Авессалом, весь в черном, шел по улицам военного Армагеддона. Серые громады домов прожигались изнутри тусклыми светляками, головешками огней. Все тлело и горело. Гул несся с неба; гул доносился из-под земли. Танки пахли мазутом, бензином, иным горючим; они шли по проспектам Армагеддона медленно, изрыгая гул, дым, рык, и люди, говоря друг с другом, не слышали собственных голосов. Стекла в витринах лопались от гула. Девушки закрывали уши, но глохли все равно. Мальчишки нацепили военные куртяшки защитного цвета, крали у солдат маскхалаты, разрезали, варганили из кусков материи плащ-палатки, забирались в подвалы, бросали похищенные, найденные лимонки, подрывались сами. Бабы, стоя в очередях за хлебом, ревели ревмя. Никому не хотелось умирать. Люди не понимали, за что им убивать друг друга, но шли и убивали. Где был враг? Он прятался за углом. Его надо было настигнуть и поразить, и открывался огонь на пораженье. Автоматы новейшей конструкции, массивные огнеметы плевались огнем, и огонь цвел и вспыхивал повсюду. Наступило царство огня, как и было предсказано. Наступили последние сроки. Люди растерялись; никому не хотелось знать, что сроки — последние; люди хотели, чтоб все продолжилось после них, даже если они и умрут сами.
Но огонь метался и полыхал меж домов, внутри ресторанов, сжигал старые парки, гудел на ветру на крышах, и провода обугливались, и из верхних этажей выбрасывались старые мужчины и женщины, не вынесшие ужаса Последних Дней.
В небе то и дело нарастал небесный гул. Армагеддон бомбили. Сирена завывала волчицей. Люди бежали в укрытья, и на лицах было жирной краской нарисовано безмерное отчаянье. Бомба падала, и огонь обнимал живых и мертвых. Огонь прощал всем все. Это было всесожженье и всепрощенье. А люди этого не понимали, орали, взметывали к небу горящие руки, падали ничком на снег, ржали от ужаса, как лошади, и в огне лопались их водянистые глаза. Благостный огонь. Трудно вынести крещенье огнем. Но так человеку суждено. Первое крещенье было водой; второе будет огнем; третье… К черту третье! Я хочу жить! Пусть я буду некрещеный и нечестивый, пусть я останусь один, не буду со всеми, но я так хочу жить!

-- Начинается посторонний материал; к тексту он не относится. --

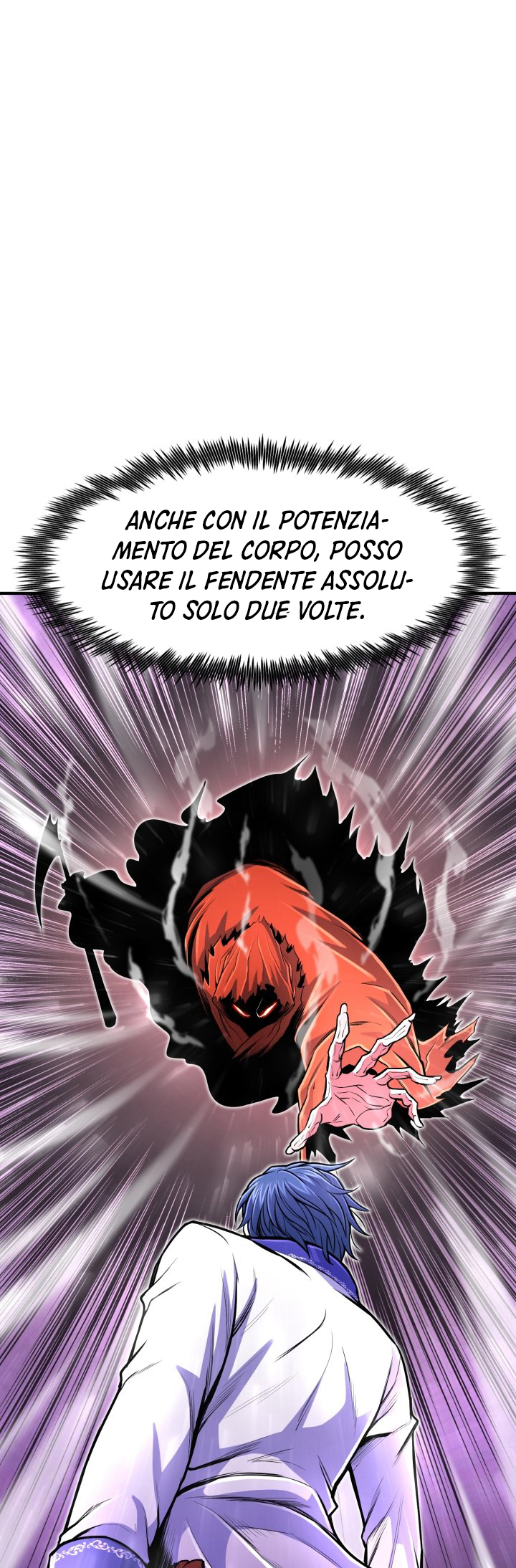 Read The Art of Reincarnation IT Manga Online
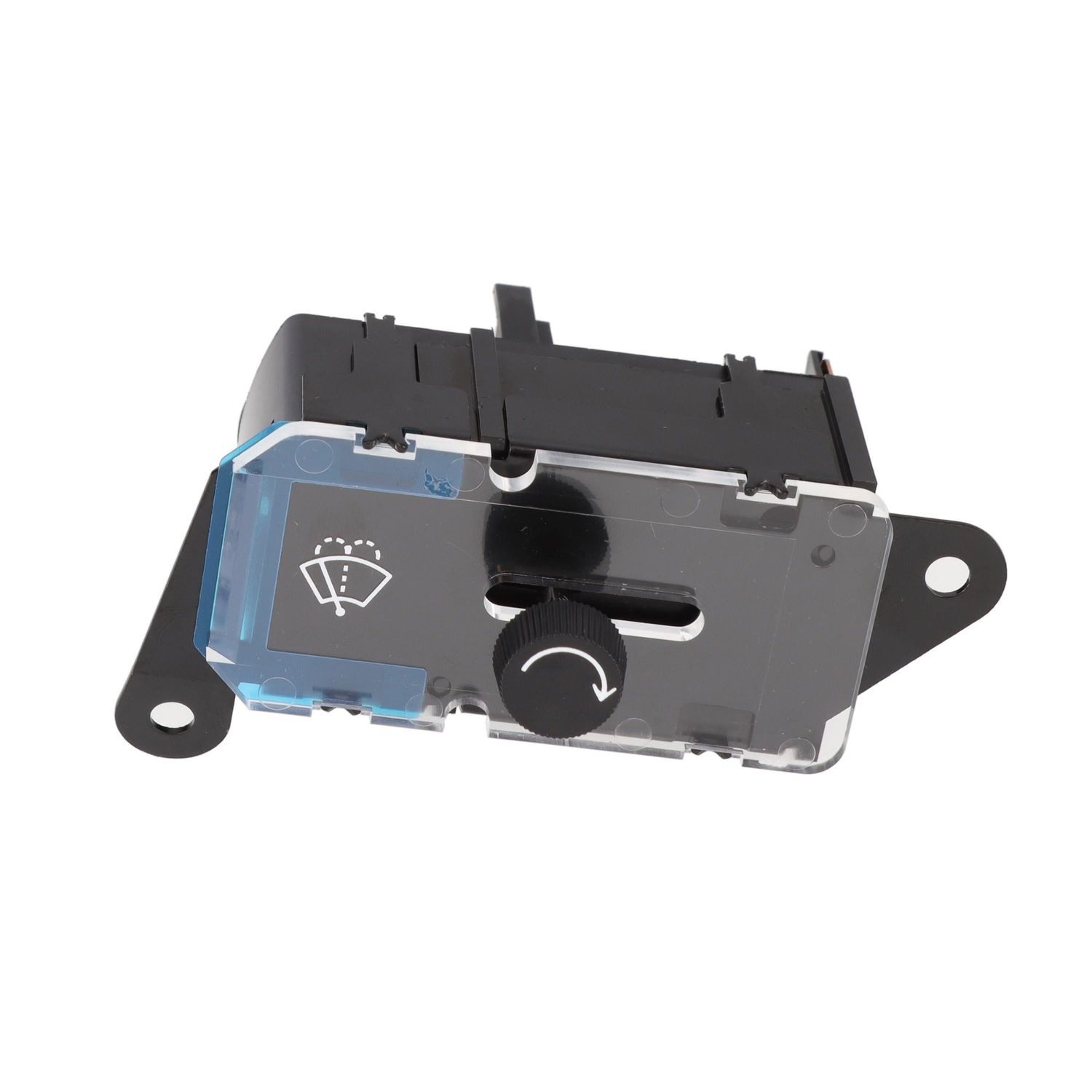 Duralast Windshield Wiper Switch SW607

На углу Малой и Большой Бронной Авессалом остановился. Закурил. О, как же он был неотразим во всем черном: он наблюдал себя в широких зеркальных стеклах торговых витрин. Армагеддон горел, его расстреливали с воздуха, а лучшие портные работали, и лучшие магазины торговали, и, если бомба попадала в торговый дом, продавцы погибали на посту; и это была героическая смерть — так актеры умирают на сцене; и говорили, что недавно бомба попала в концертный зал Консерватории, и разорвалась, и все загорелось, а шел концерт, и музыкант, великий пианист, сидел на сцене за роялем, и рояль весь тут же занялся пламенем, и они так и сгорели вместе — пианист и инструмент, и горели люди в зале, и горели старинные портреты композиторов над балконами и амфитеатром, и огромная хрустальная люстра тоже горела, и все прозрачные хрустальные сосульки звенели горестно, и это была последняя музыка последнего концерта — гул огня, крики горящих заживо людей и звон хрусталя. Тьфу, до чего невкусный табак. Кто только крутит такие самокрутки. Какая-нибудь кустарная военная артель. Артель слепых. Чирей им в руки. И табак сырой, не высушен.